§ WHAT YOU NEED TO DO: Set the data down again so that every line matches exactly.

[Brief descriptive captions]
──────
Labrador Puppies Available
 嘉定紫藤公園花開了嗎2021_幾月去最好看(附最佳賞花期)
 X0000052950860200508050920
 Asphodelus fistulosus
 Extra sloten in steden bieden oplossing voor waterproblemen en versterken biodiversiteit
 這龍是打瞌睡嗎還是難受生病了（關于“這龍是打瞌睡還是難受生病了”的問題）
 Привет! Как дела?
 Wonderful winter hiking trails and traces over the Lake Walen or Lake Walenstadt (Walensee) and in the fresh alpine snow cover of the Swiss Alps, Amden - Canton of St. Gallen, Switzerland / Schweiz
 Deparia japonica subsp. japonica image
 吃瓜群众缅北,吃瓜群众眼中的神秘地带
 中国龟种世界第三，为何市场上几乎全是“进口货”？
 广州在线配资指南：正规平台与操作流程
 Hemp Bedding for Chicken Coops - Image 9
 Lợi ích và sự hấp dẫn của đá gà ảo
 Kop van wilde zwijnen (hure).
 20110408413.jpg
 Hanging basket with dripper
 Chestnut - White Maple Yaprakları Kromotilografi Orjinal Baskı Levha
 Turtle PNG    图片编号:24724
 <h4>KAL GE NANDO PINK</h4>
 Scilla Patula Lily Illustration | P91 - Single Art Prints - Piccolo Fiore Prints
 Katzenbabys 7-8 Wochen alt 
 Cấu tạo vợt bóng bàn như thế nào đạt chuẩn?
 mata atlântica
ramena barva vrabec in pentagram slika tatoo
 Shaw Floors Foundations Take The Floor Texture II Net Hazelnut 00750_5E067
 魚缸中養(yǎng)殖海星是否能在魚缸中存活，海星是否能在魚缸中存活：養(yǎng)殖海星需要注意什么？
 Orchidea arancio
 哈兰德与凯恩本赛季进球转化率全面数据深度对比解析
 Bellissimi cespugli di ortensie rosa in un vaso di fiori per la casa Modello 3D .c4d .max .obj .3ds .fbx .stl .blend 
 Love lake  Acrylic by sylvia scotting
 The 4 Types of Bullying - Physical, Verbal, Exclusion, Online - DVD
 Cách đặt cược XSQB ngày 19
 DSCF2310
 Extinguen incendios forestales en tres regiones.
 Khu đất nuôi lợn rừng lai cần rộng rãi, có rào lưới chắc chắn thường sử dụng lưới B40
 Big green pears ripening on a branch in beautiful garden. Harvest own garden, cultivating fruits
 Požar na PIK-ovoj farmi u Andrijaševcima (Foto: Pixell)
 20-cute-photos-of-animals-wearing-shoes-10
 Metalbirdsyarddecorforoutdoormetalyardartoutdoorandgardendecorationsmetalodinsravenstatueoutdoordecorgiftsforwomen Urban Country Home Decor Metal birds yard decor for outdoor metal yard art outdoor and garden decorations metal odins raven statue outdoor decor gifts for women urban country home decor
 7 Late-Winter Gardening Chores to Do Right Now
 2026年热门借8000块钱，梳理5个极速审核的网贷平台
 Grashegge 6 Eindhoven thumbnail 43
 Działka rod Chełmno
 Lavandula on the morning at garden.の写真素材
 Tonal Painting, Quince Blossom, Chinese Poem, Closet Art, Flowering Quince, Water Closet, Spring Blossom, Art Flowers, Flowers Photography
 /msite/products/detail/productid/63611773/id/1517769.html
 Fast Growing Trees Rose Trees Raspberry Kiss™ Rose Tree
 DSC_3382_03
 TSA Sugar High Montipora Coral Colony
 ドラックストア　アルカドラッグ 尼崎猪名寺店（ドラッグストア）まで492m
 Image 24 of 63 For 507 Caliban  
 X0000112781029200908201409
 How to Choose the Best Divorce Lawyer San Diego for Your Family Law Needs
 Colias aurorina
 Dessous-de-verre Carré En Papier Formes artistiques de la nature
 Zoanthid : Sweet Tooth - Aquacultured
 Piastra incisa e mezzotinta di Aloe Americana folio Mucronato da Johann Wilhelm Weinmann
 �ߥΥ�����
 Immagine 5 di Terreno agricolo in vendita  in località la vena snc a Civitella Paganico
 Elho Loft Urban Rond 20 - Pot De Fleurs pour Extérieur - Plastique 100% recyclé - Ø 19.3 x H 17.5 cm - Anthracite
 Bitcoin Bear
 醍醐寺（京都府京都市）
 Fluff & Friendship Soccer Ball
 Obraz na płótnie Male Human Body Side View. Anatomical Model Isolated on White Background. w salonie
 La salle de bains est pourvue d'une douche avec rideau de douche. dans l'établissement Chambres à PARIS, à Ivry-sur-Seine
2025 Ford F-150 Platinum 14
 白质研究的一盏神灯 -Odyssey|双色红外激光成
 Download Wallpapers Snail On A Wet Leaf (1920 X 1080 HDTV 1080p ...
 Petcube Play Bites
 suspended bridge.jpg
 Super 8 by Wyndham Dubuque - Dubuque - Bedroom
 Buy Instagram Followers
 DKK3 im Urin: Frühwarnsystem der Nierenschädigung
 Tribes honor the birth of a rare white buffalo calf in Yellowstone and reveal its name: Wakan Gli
──────
§ WRITTEN RESPONSE:
Labrador Puppies Available
 嘉定紫藤公園花開了嗎2021_幾月去最好看(附最佳賞花期)
 X0000052950860200508050920
 Asphodelus fistulosus
 Extra sloten in steden bieden oplossing voor waterproblemen en versterken biodiversiteit
 這龍是打瞌睡嗎還是難受生病了（關于“這龍是打瞌睡還是難受生病了”的問題）
 Привет! Как дела?
 Wonderful winter hiking trails and traces over the Lake Walen or Lake Walenstadt (Walensee) and in the fresh alpine snow cover of the Swiss Alps, Amden - Canton of St. Gallen, Switzerland / Schweiz
 Deparia japonica subsp. japonica image
 吃瓜群众缅北,吃瓜群众眼中的神秘地带
 中国龟种世界第三，为何市场上几乎全是“进口货”？
 广州在线配资指南：正规平台与操作流程
 Hemp Bedding for Chicken Coops - Image 9
 Lợi ích và sự hấp dẫn của đá gà ảo
 Kop van wilde zwijnen (hure).
 20110408413.jpg
 Hanging basket with dripper
 Chestnut - White Maple Yaprakları Kromotilografi Orjinal Baskı Levha
 Turtle PNG    图片编号:24724
 <h4>KAL GE NANDO PINK</h4>
 Scilla Patula Lily Illustration | P91 - Single Art Prints - Piccolo Fiore Prints
 Katzenbabys 7-8 Wochen alt 
 Cấu tạo vợt bóng bàn như thế nào đạt chuẩn?
 mata atlântica
ramena barva vrabec in pentagram slika tatoo
 Shaw Floors Foundations Take The Floor Texture II Net Hazelnut 00750_5E067
 魚缸中養(yǎng)殖海星是否能在魚缸中存活，海星是否能在魚缸中存活：養(yǎng)殖海星需要注意什么？
 Orchidea arancio
 哈兰德与凯恩本赛季进球转化率全面数据深度对比解析
 Bellissimi cespugli di ortensie rosa in un vaso di fiori per la casa Modello 3D .c4d .max .obj .3ds .fbx .stl .blend 
 Love lake  Acrylic by sylvia scotting
 The 4 Types of Bullying - Physical, Verbal, Exclusion, Online - DVD
 Cách đặt cược XSQB ngày 19
 DSCF2310
 Extinguen incendios forestales en tres regiones.
 Khu đất nuôi lợn rừng lai cần rộng rãi, có rào lưới chắc chắn thường sử dụng lưới B40
 Big green pears ripening on a branch in beautiful garden. Harvest own garden, cultivating fruits
 Požar na PIK-ovoj farmi u Andrijaševcima (Foto: Pixell)
 20-cute-photos-of-animals-wearing-shoes-10
 Metalbirdsyarddecorforoutdoormetalyardartoutdoorandgardendecorationsmetalodinsravenstatueoutdoordecorgiftsforwomen Urban Country Home Decor Metal birds yard decor for outdoor metal yard art outdoor and garden decorations metal odins raven statue outdoor decor gifts for women urban country home decor
 7 Late-Winter Gardening Chores to Do Right Now
 2026年热门借8000块钱，梳理5个极速审核的网贷平台
 Grashegge 6 Eindhoven thumbnail 43
 Działka rod Chełmno
 Lavandula on the morning at garden.の写真素材
 Tonal Painting, Quince Blossom, Chinese Poem, Closet Art, Flowering Quince, Water Closet, Spring Blossom, Art Flowers, Flowers Photography
 /msite/products/detail/productid/63611773/id/1517769.html
 Fast Growing Trees Rose Trees Raspberry Kiss™ Rose Tree
 DSC_3382_03
 TSA Sugar High Montipora Coral Colony
 ドラックストア　アルカドラッグ 尼崎猪名寺店（ドラッグストア）まで492m
 Image 24 of 63 For 507 Caliban  
 X0000112781029200908201409
 How to Choose the Best Divorce Lawyer San Diego for Your Family Law Needs
 Colias aurorina
 Dessous-de-verre Carré En Papier Formes artistiques de la nature
 Zoanthid : Sweet Tooth - Aquacultured
 Piastra incisa e mezzotinta di Aloe Americana folio Mucronato da Johann Wilhelm Weinmann
 �ߥΥ�����
 Immagine 5 di Terreno agricolo in vendita  in località la vena snc a Civitella Paganico
 Elho Loft Urban Rond 20 - Pot De Fleurs pour Extérieur - Plastique 100% recyclé - Ø 19.3 x H 17.5 cm - Anthracite
 Bitcoin Bear
 醍醐寺（京都府京都市）
 Fluff & Friendship Soccer Ball
 Obraz na płótnie Male Human Body Side View. Anatomical Model Isolated on White Background. w salonie
 La salle de bains est pourvue d'une douche avec rideau de douche. dans l'établissement Chambres à PARIS, à Ivry-sur-Seine
2025 Ford F-150 Platinum 14
 白质研究的一盏神灯 -Odyssey|双色红外激光成
 Download Wallpapers Snail On A Wet Leaf (1920 X 1080 HDTV 1080p ...
 Petcube Play Bites
 suspended bridge.jpg
 Super 8 by Wyndham Dubuque - Dubuque - Bedroom
 Buy Instagram Followers
 DKK3 im Urin: Frühwarnsystem der Nierenschädigung
 Tribes honor the birth of a rare white buffalo calf in Yellowstone and reveal its name: Wakan Gli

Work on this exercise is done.